On July 16, 2015, California’s Governor Jerry Brown signed a bill amending the California Fair Employment and Housing Act (FEHA), adding protections for workers who request accommodations for disabilities or religious beliefs.
Assembly Bill (AB) No. 987 amends sections (l) and (m) of Government Code section 12940. Those sections prohibit discrimination on account of religious beliefs and disability, respectively. Existing law also requires an employer to grant reasonable requests for accommodation. The amendment makes it unlawful for an employer to “retaliate or otherwise discriminate against a person for requesting accommodation . . . regardless of whether the request was granted.”

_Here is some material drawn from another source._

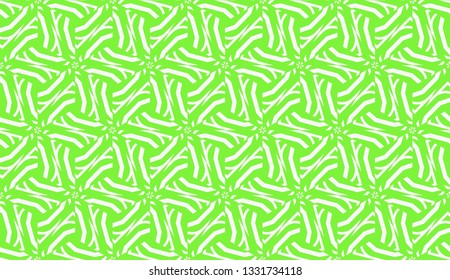 Vector illustration. For your business, presentation, fashion print. Pattern with abstract illusion triangles. Light green color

The amendment is a legislative reaction to a 2013 California court of appeal case, Rope v. Auto-Chlor Sys. of Washington, Inc. In that case, an employee, who worked for Auto-Chlor System of Washington, Inc. as a branch manager, requested a leave of absence in order to donate a kidney to his sister. The employee made the request five months in advance. However, two months before the surgery, he was fired for poor performance. The employee sued for associational disability discrimination under (FEHA) and for violation of California’s then-newly enacted organ donor protection act (which was codified at Labor Code 1510).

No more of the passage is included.